Dal 2011 abbiamo visto il Mediterraneo rivoltarsi. Abbiamo seguito l’onda d’urto delle primavere arabe, ce ne siamo interessati e l’occidente spesso non si è nemmeno limitato a un interesse lontano, ma ha incoraggiato un cambiamento promuovendo le personalità politiche più vicine ai suoi auspici, tralasciando numerose ombre che già si profilavano all’orizzonte.
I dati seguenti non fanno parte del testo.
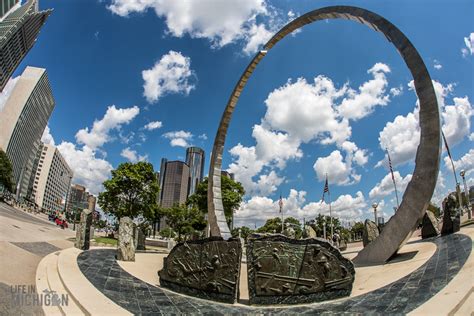 Detroit Riverwalk – Life In Michigan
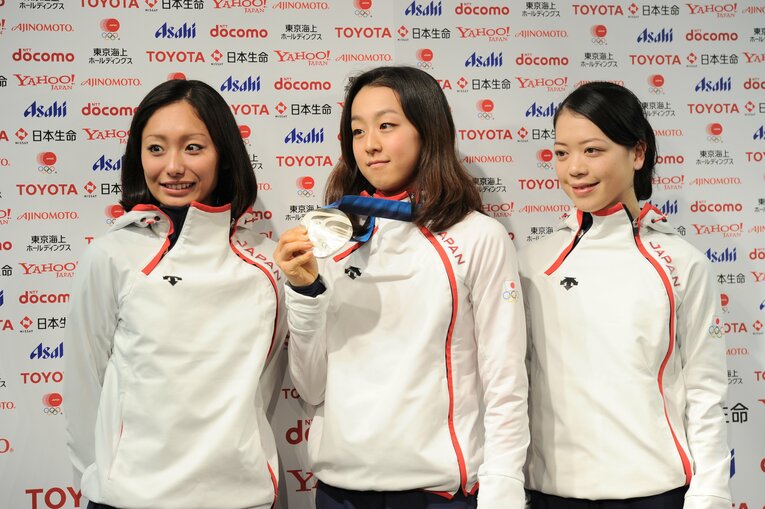 バンクーバー五輪代表の3人（左から安藤美姫、浅田真央、鈴木明子）　©JMPA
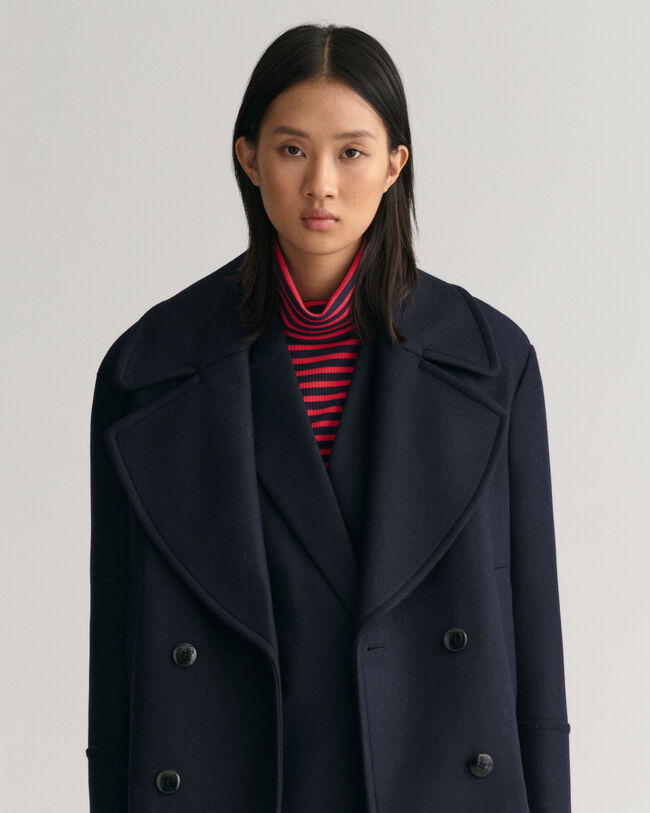 Villasekoitteesta valmistettu kansitakki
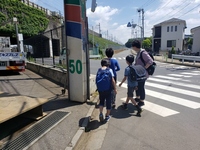 写真：登校の様子1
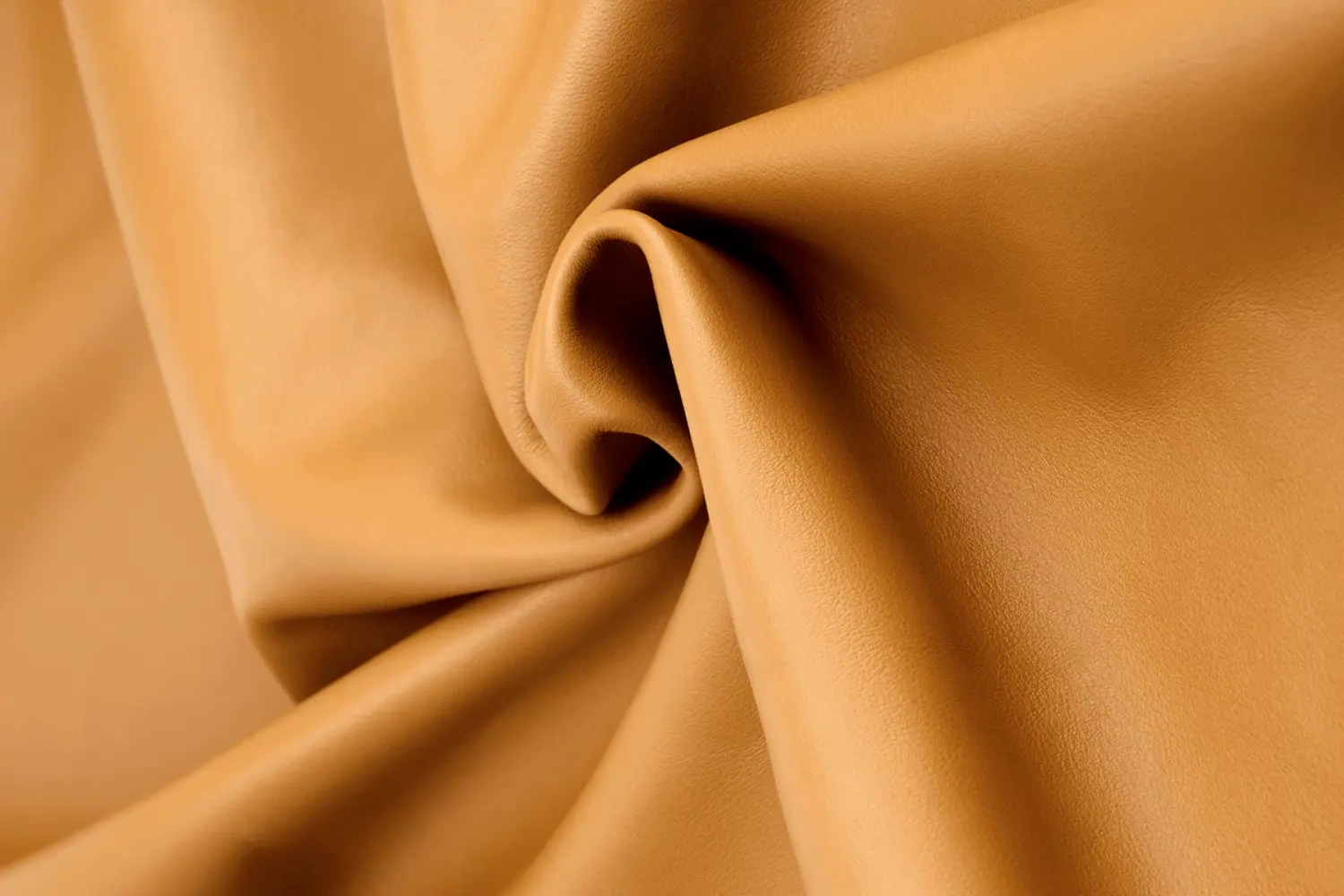 Full grain water-dyed Nappa leather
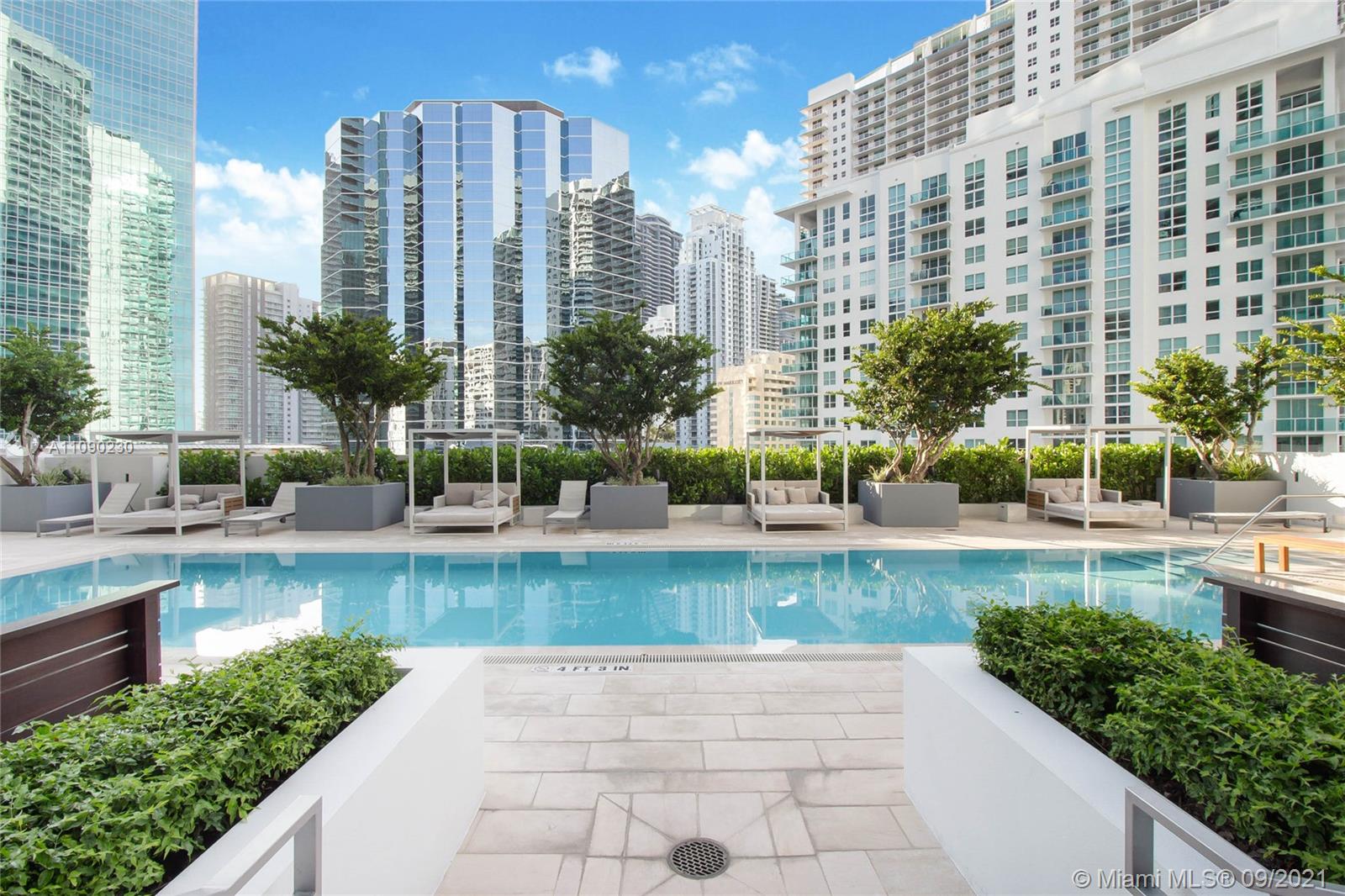 BRICKELL HOUSE - Residential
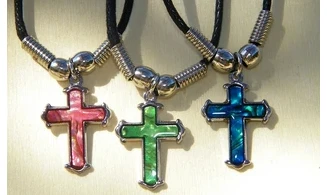 Collier Croix Nacre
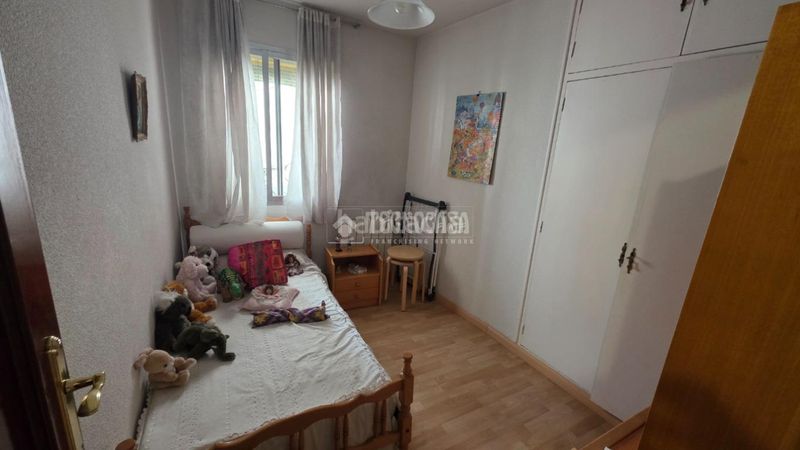 Foto e2517fa0-ae94-47ee-a439-e2020b14abb2. Piso  en venta en Valdeacederas Madrid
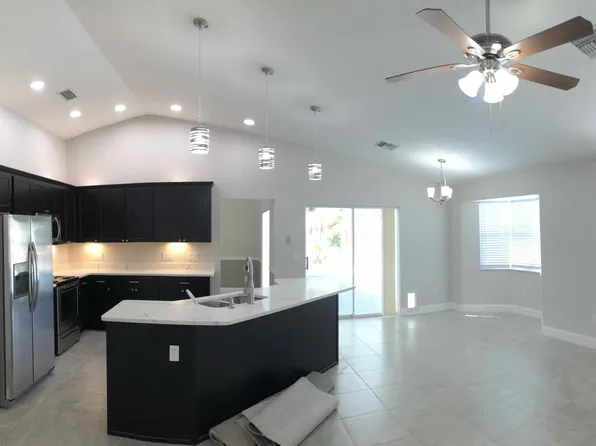 545 Grace St, Sebastian, FL 32958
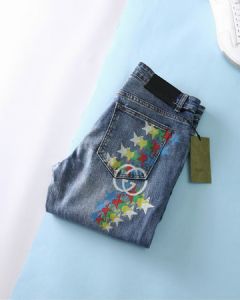 据了解全球潮牌顶尖的工厂精刻男装在这里拿的*便宜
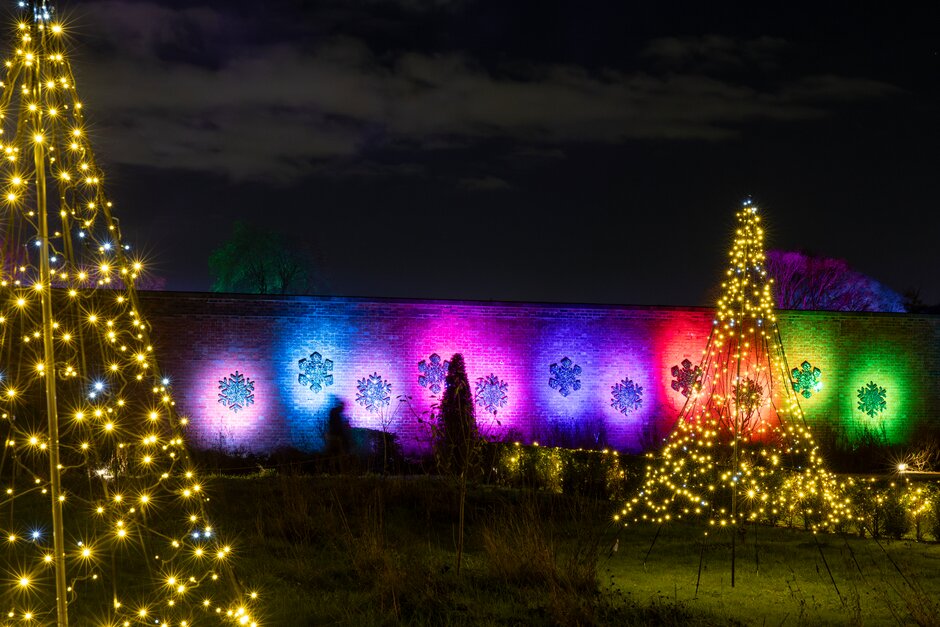 ⚠️ Weather update - due to the Yellow Weather Warning RHS Garden Bridgewater will be closed Sun 22 Dec. The Cafe and Garden Centre will be open. We regret GLOW on 22 Dec is cancelled for safety reasons. Please check your email if you have tickets. Safety comes first⚠️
Dopo quasi cinque anni, il bilancio non è certo dei più positivi. Moltissimi disperati si abbattono quotidianamente sulle nostre coste, l’estremismo islamico si è diffuso come un cancro in quasi tutti i paesi coinvolti, minacciando direttamente l’Europa. I problemi economici più semplici nella vita delle nazioni in preda a questa confusione non si contano, così come indecifrabili sono i termini dei rapporti in vigore con gli stati coinvolti, in primis per l’Italia, che da frontiera meridionale del continente vive più di altri i dubbi di questa situazione.

La verità è che l’afflato di libertà e democrazia che molti credevano di aver inspirato qualche anno fa è stato terribilmente frainteso, svelando problemi rispetto alla sostenibilità stessa e all’applicazione di un modello politico occidentale in paesi che all’occidente non appartengono, che non ne condividono la storia e le esperienze politiche passate.

In questo caos l’estremismo islamico è diventato una tragica certezza, coagulando moltissimi protagonisti dell’iniziale rivolta e diventando una delle principali eredità della stagione di tumulto non solo nell’esperienza siriana, ma pure in quella libica e irachena, con l’unica, parziale eccezione rappresentata dal caso tunisino, in un paese comunque esposto alla violenza terroristica e al radicalismo religioso.

L’occidente non ha saputo mantenere un comportamento scevro da interessi e condizionamenti, ricercando nelle frange dell’opposizione a governi scomodi i futuri interlocutori di un nuovo ordine mediterraneo ispirato ad un controllo più stringente degli asset commerciali e diplomatici dei paesi coinvolti. L’estremismo religioso ha ricevuto supporto e incoraggiamento proprio per colpa del comportamento poco corretto di molti soggetti politici anche europei, comportamento che sta contribuendo ad impedire una pacificazione chiara, immediata e rivolta alla creazione di un fronte comune contro l’Isis, il terrorismo e la violenza settaria.

Nella ricerca di un ordine ideale, spesso alieno rispetto alla realtà dei rapporti di forza in campo e delle prospettive praticamente applicabili a quel contesto, si è regrediti rispetto alla situazione di partenza, e anche la politica italiana ha peccato di una eccessiva ingenuità nel salutare senza dubbi o compromessi un cambio che poneva più interrogativi negativi che certezze positive.

Personalmente ho sempre serbato dei dubbi rispetto ai destini di queste esperienze di rivolta, e pure rispetto ai promotori delle stesse e alla loro iscrizione in un quadro di difficile interpretazione. Spero che in un clima di pacificazione e di ripresa dei negoziati, vi sia più attenzione in futuro rispetto a scenari simili, e che gli interessi diplomatici di poche nazioni non influiscano sul destino dei popoli, condannandoli all’instabilità e alla violenza.

Se le primavere arabe possono offrirci una lezione, questa non può che sostanziarsi in una maggior esperienza e a una minore ingenuità rispetto ai terribili specchietti per le allodole che possono nascondersi dietro una attraente maschera di rivolta democratica, evitandoci magari, tra qualche anno, di essere esposti ancora una volta alla crudezza della violenza bellica e della guerra civile.